TASK STATEMENT >>
Extract the lines beginning at the one that holds "Vista frontal de Buzo / hoodie" and ending at the final line of the material below, keeping them exact and leaving out all pictures.

RECORDED INFORMATION >>
******

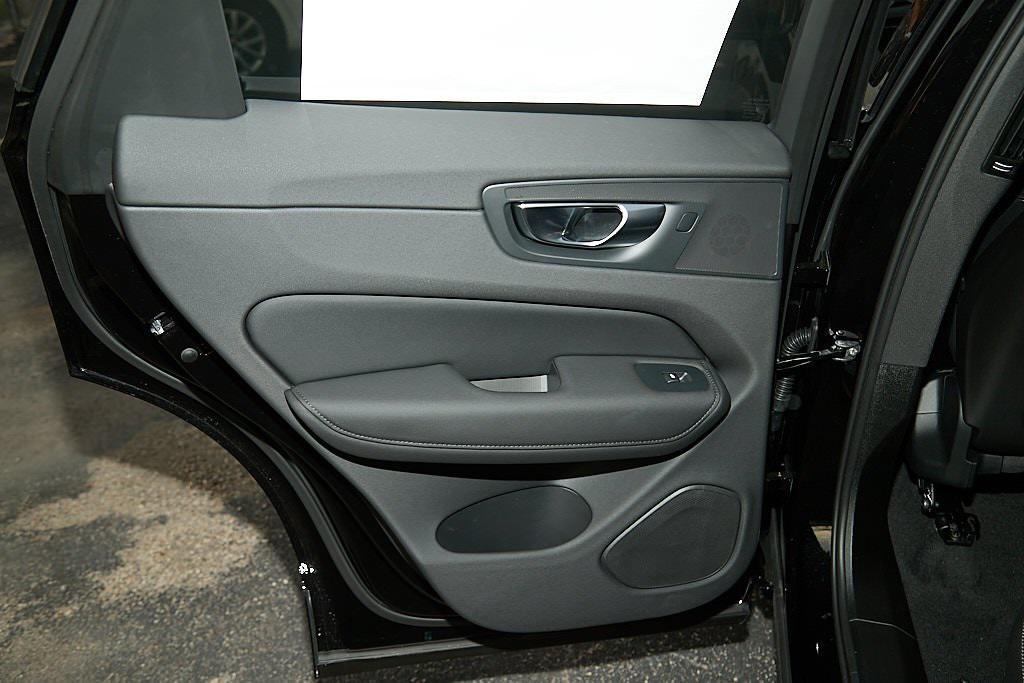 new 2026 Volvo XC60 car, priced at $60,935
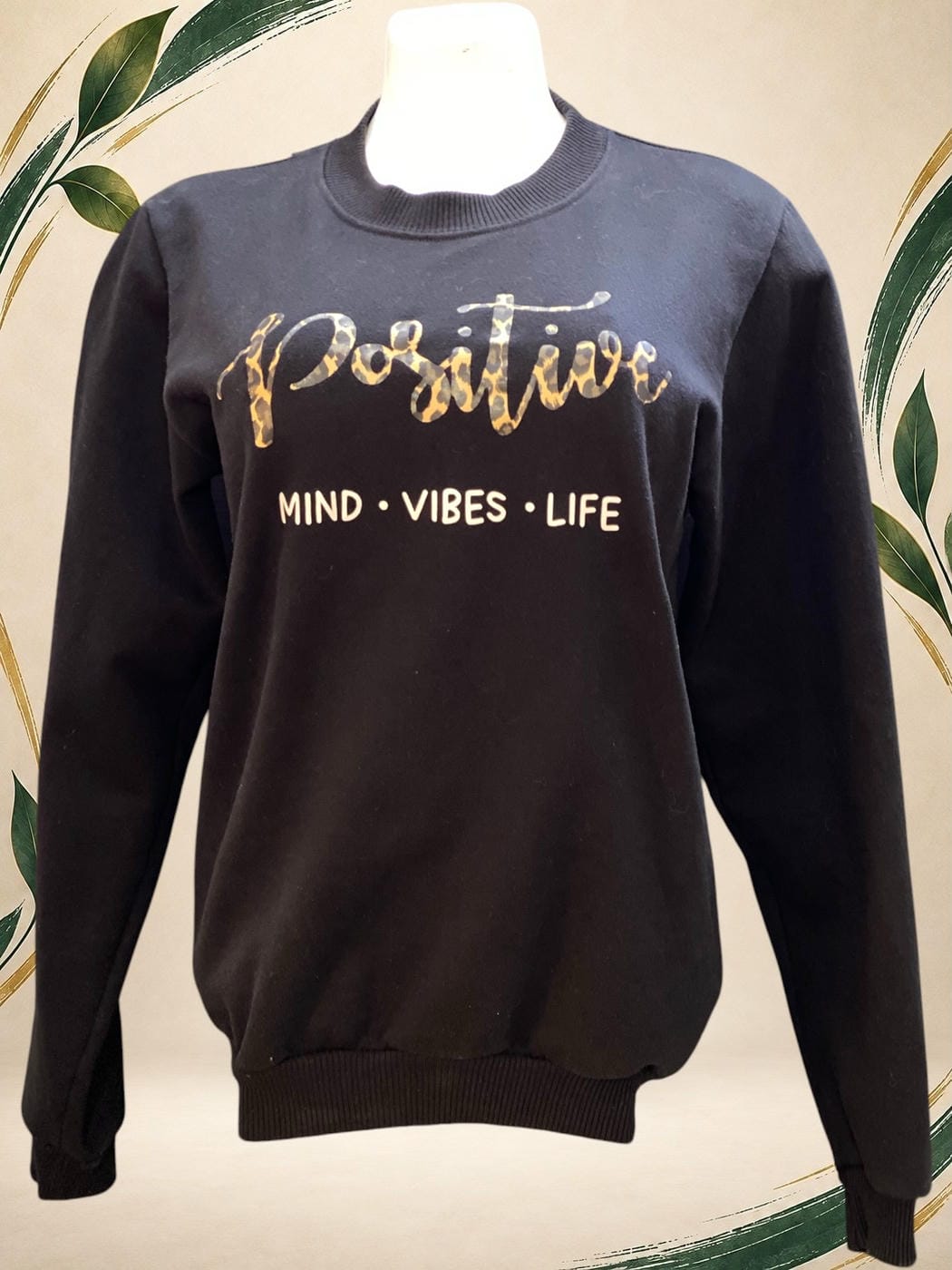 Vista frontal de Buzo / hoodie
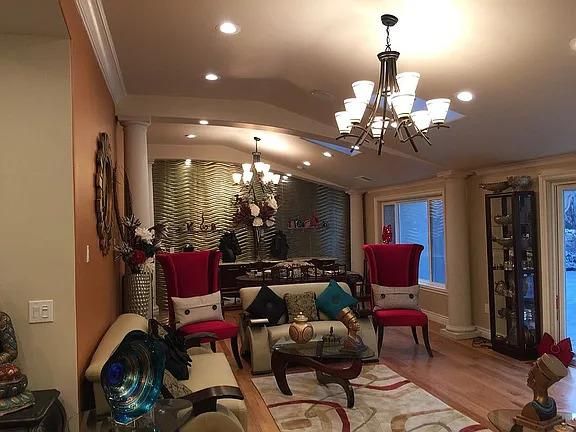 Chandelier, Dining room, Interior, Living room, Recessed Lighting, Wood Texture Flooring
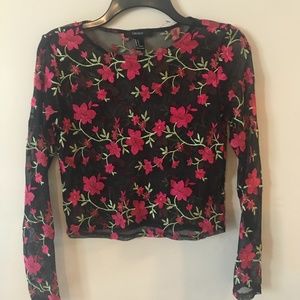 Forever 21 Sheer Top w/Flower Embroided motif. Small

******

RESULT BELOW >>
 Vista frontal de Buzo / hoodie
 Chandelier, Dining room, Interior, Living room, Recessed Lighting, Wood Texture Flooring
 Forever 21 Sheer Top w/Flower Embroided motif. Small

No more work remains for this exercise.